Each line of the listing below must be retyped exactly, with images left out.

══ Supplied data

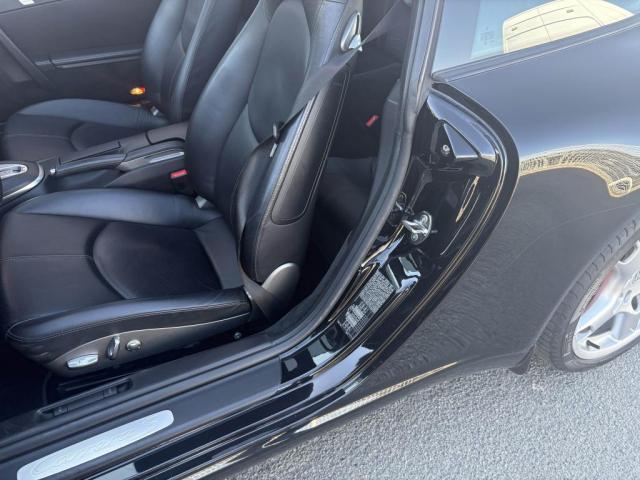Porsche 911 image 2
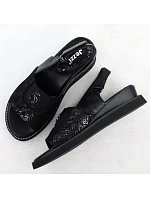 Dámské sandály s gumou černé model 22051713 - JEZZI Dámské sandály s gumou černé model 22051713 - JEZZI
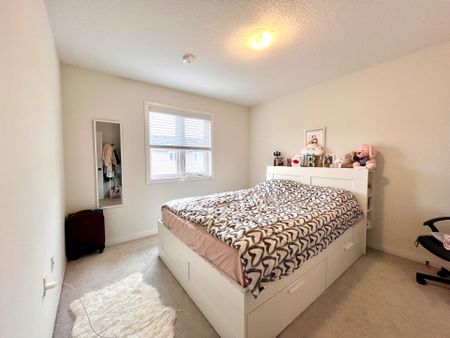 For Lease - 13 Dresser Lane, Hamilton, Ontario - Photo 3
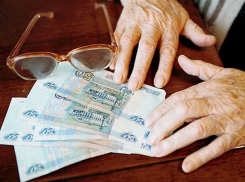 На Ставрополье лже-соцработницы украли у пенсионерки деньги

════

* **Exercise response**:
Porsche 911 image 2
 Dámské sandály s gumou černé model 22051713 - JEZZI Dámské sandály s gumou černé model 22051713 - JEZZI
 For Lease - 13 Dresser Lane, Hamilton, Ontario - Photo 3
 На Ставрополье лже-соцработницы украли у пенсионерки деньги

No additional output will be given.